Orange Coast College Symphony conductor Maxim Kuzin leads the orchestra during a recent concert. The symphony will perform “The Sound of Broadway” on Feb. 29 and will perform Beethoven’s 7th Symphony and other works on May 9 to celebrate the composer’s 150th birthday.

The Orange Coast College Symphony and Choral Ensembles are set to have their first of four concerts of their spring season on Feb. 29 in the Robert B. Moore Theatre.

Conducted by noted Ukrainian-born music director Maxim Kuzin, the symphony and choral ensemble are producing “The Sound of Broadway,” an orchestral medley of music and songs from classic American musicals of the early and middle 20th century.  

The performance will feature music that was previously not performed by any other orchestra, all from legendary composers such as George Gershwin and Cole Porter. Kuzin was able to work closely with Michael Miller, a sheet-music collector with what is probably the largest collection of sheet music in the country— if not the world.

“This program is special,” Kuzin said. “Immediately the idea came to me to do a concert based on what [Miller] has that no one else has.”    

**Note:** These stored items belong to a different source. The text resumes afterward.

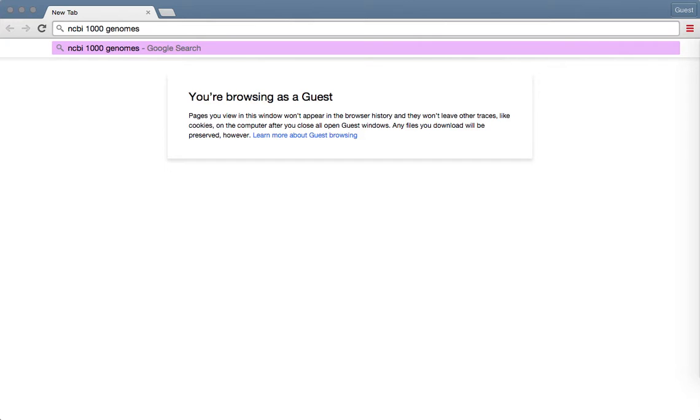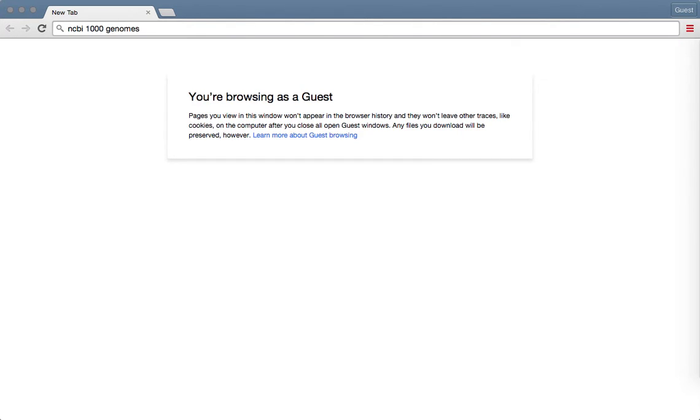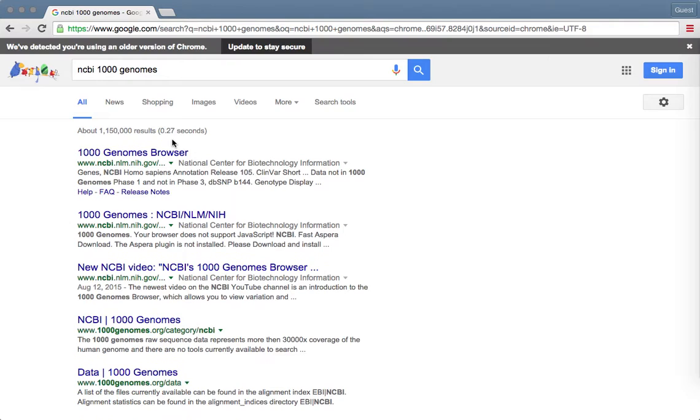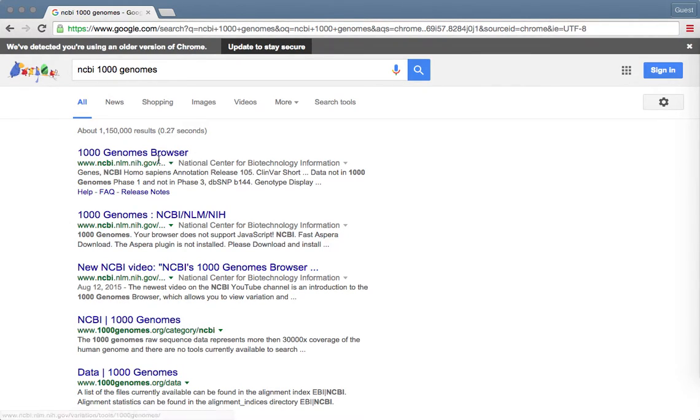After typing that, hit enter. The link we want is going to be the first link, 1000 Genomes browser from the National Center for Biotechnology Information.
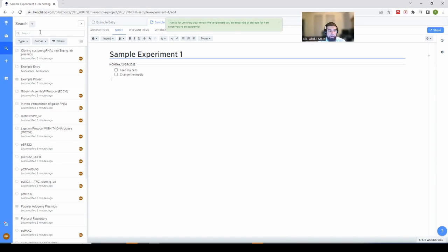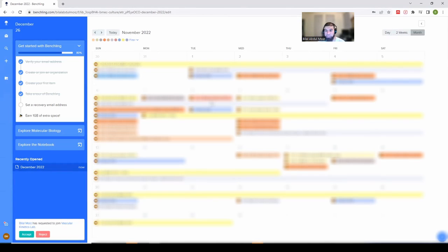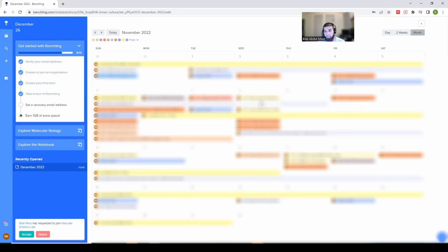Here's the calendar showing the experiments I ran back in November. Each project has a different color, making it easy to visually separate experiments. You'll also notice multi-day experiments — those are my cell differentiation protocols for tracking my stem cells, which need to be fed media on certain days. I set up a template to help keep track of that. It's really easy to figure out when I ran these experiments and cross-reference any notes with dates.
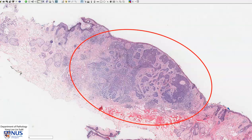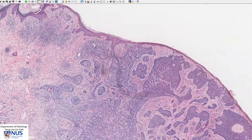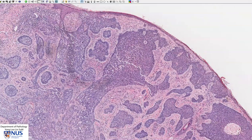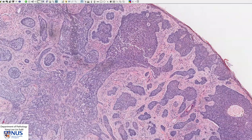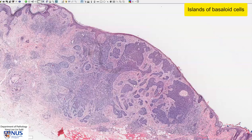This is the region of the tumour and we can see that this tumour is actually connected to the epidermis in this region and also over here. The tumour is composed of these islands, some of which are quite irregular, of basaloid cells.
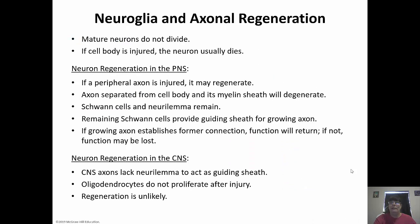Mature neurons are amitotic, meaning they do not divide. So if a cell body is injured, the neuron usually dies. However, there is a big difference between the peripheral and central nervous systems. In the peripheral nervous system, if the axon is injured, it may actually regenerate, because Schwann cells can help form the axon and guide it where it needs to go. If the axon is separated from the cell body and its myelin sheath, that part will degenerate, but the Schwann cells and neurolemma are still there to guide the growing axon to regenerate and reestablish the former connection — and function will return. If it doesn't quite make that connection, function is going to be lost.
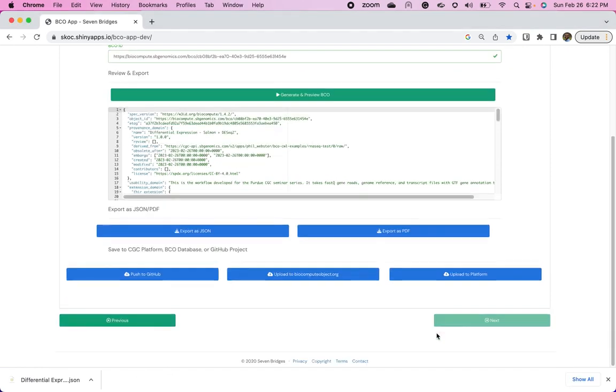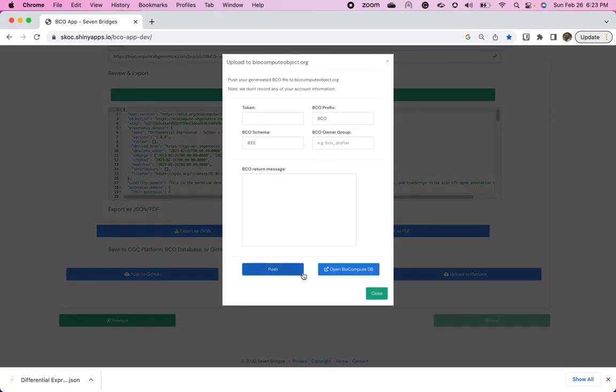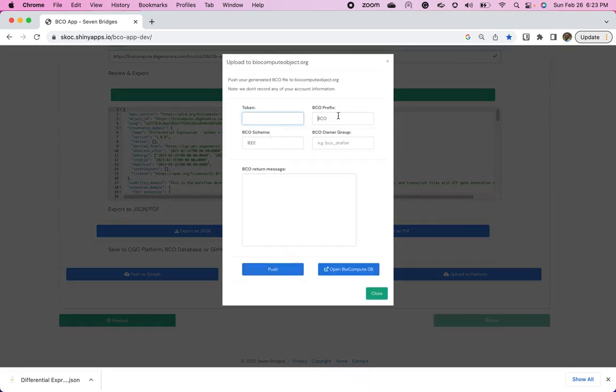You can upload to one of our platforms, such as the Cancer Genomics Cloud, where we have a lot of publicly available workflows that a lot of researchers use for their own analyses. They also create their own workflows, which really makes this tool even more helpful for them. Or you can upload directly to the public biocompute object org website. And so what you need is you have to have a token, BCO prefix, and we're just going to use BCOdrafter.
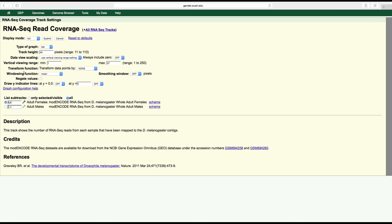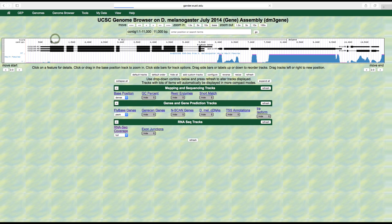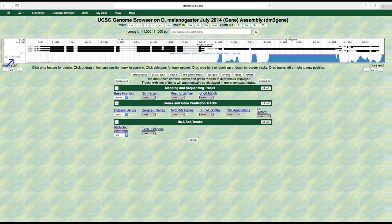Unselect the adult males track under the list subtracks section and then click submit. By unselecting the adult males option, the genome browser will only show the RNA-seq read coverage from the adult female sample. If we did not unselect the adult males option, the default would be to display both the female and male data as two separate subtracks on the genome browser.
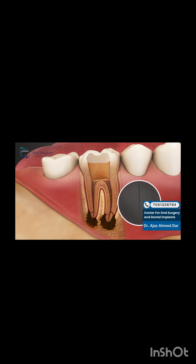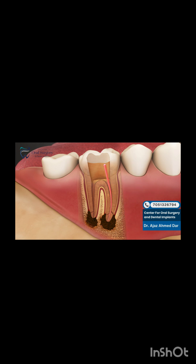Once completed, the canals are further prepared using rotary instruments that open up the canals to a precise taper in length. A flexible plastic material called gutta percha is then used to fill each canal, sealing it and protecting it from damaging bacteria.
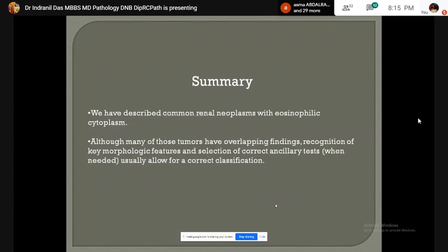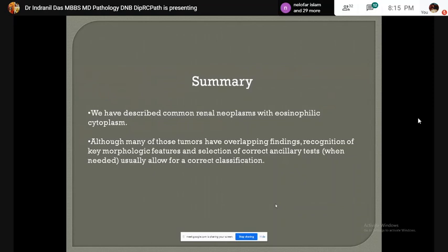In summary, we have described common renal neoplasms with eosinophilic cytoplasm. Although many of these tumors have overlapping findings, recognition of key morphological features and selection of correct ancillary tests usually allow for correct classification. Thank you.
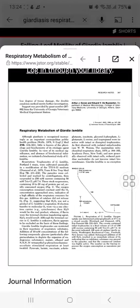That means that Giardia doesn't markedly affect the oxygen concentration. The oxygen consumption remained constant until the O2 concentration reached zero. That indicated a high affinity of the respiratory enzymes for this gas.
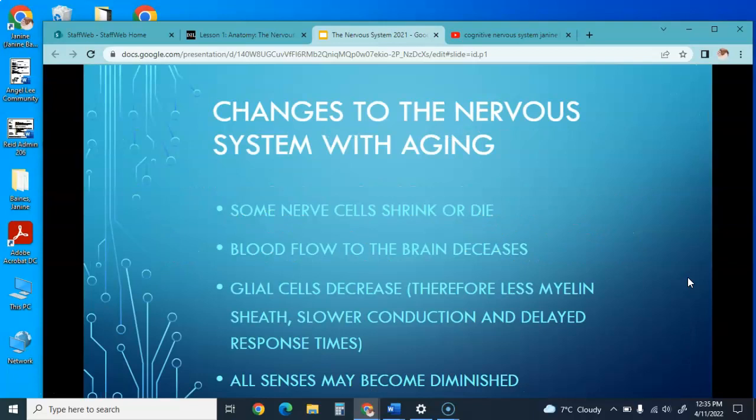As we age, some nerve cells shrink or die, blood flow to the brain decreases, and the glial cells decrease, resulting in less myelin sheath. This slows nerve conduction and delays our responses, and all senses might become diminished.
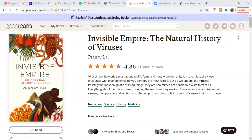Chapter eight on 'Gut Feeling' gives you an idea that there are a number of viruses in your gut — in your gastrointestinal tract — that actually help you out by keeping bacteria and fungi under control.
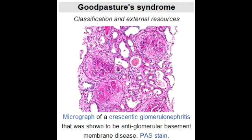What lab or diagnostic finding is observed with Goodpasture's Syndrome? In Goodpasture's Syndrome, you see antiglomerular basement membrane antibodies.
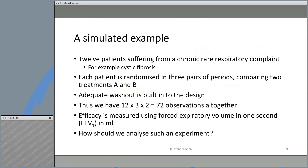Now I'm going to give a simulated example and look at various analyses. I'll imagine 12 patients suffering from a chronic rare respiratory complaint — for example, cystic fibrosis. Each patient is randomized in three pairs of periods comparing two treatments A and B, with an adequate washout in the design. That gives us 72 observations altogether: 12 patients, each studied in three cycles, with two measurements per cycle. We measure efficacy in terms of FEV1 — expiratory volume in one second — a very popular measure in pulmonary studies. The question is: how should we analyze such an experiment?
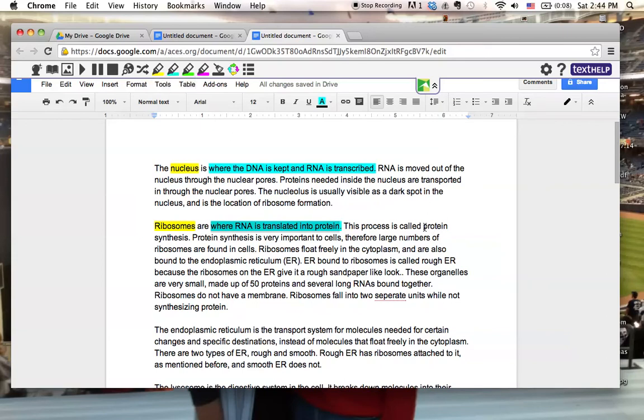And I'm also going to highlight protein synthesis. And I'm going to do that one in green. Since that's a process and it's something that I find that's important.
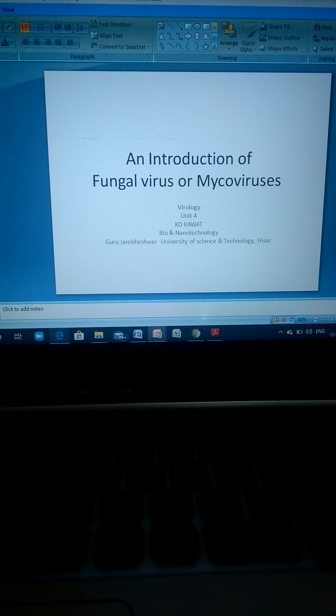Good morning students. Today we will discuss about fungal viruses or mycoviruses. In our previous lecture we discussed about various types of viruses — human viruses, plant viruses, animal viruses, bacteriophage, and algal viruses — their isolation, identification, characterization, cell culture systems, taxonomy, in ovo cell culture systems, and their identification at the molecular level.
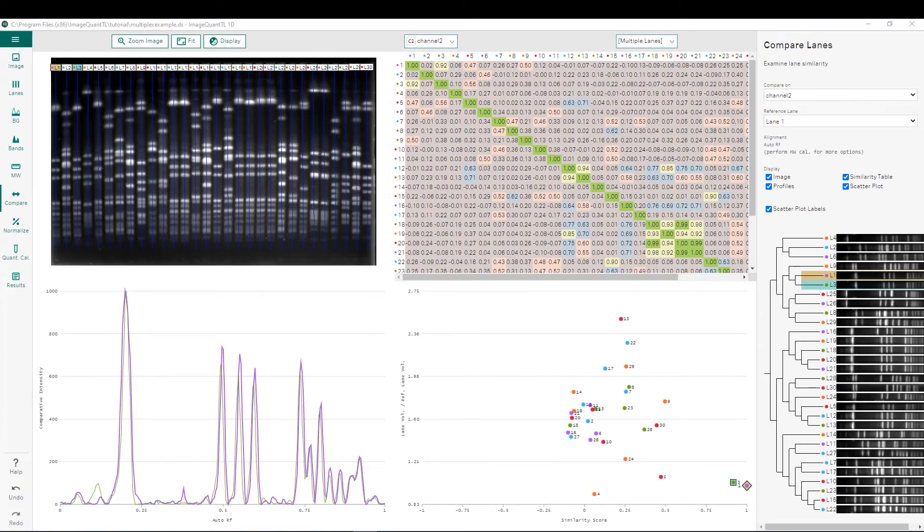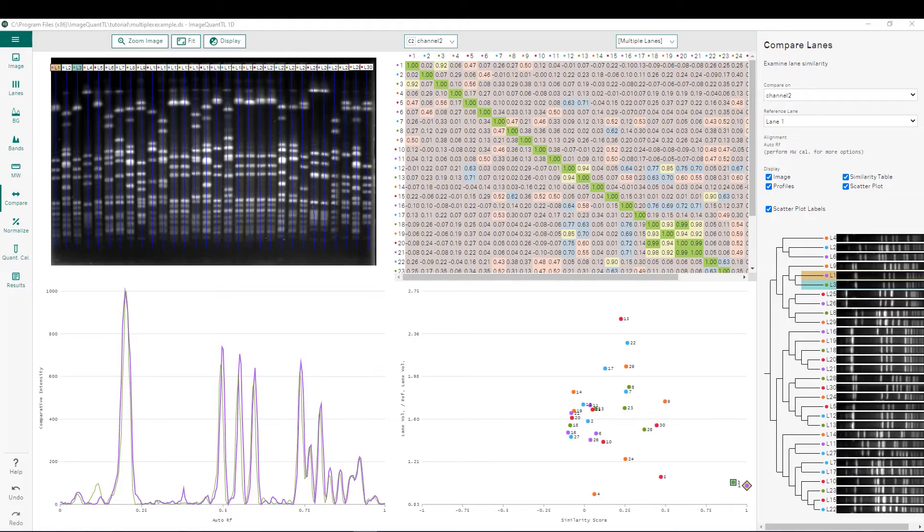Here we are showing the lane comparison functionality that was added to ImageQuantTL version 10. You can use this functionality to compare different samples between different lanes whether that is samples from different patients, different fractions during a protein purification, etc.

According to the UC Santa Barbara’s library website, Miller and his wife Nan’s Beverly Hills home holds a collection of 10,000 pieces of sheet music in addition to their 60,000 recordings, 9,000 books and 5,000 vocal scores.

Miller will be on stage during the concert.

Nan Kappeler, a viola player in the symphony who, like nearly half the members, is not a student at OCC, said she is excited about Miller’s presence.

“I think it’s fascinating that we have Miller coming down from Beverly Hills to introduce this music and that we have access to this,” Kappeler said.

Kuzin said he appreciates the fact that OCC allows him to work not only with, but for the community and sees the upcoming concert as an opportunity to reach new music appreciators within Orange County.

“We are trying to build bridges with audiences that may not [be] likely to attend our concerts,” Kuzin said. “We want to expand the interest in the program and what we do.”

Admission is $15, a price that helps pay for the quality of music and musicianship in the organization, according to those involved.  

“I think a lot of people don’t realize that a community college would have the resources. They think you have to go to [big universities] to hear the best concerts,” Kappeler said.

The OCC Symphony and Choral Ensemble are also planning their next show, a celebration of Ludwig van Beethoven’s 150th birthday, by performing Beethoven’s 7th Symphony and other works on May 9.

Tickets are $10 for students and $15 for the public.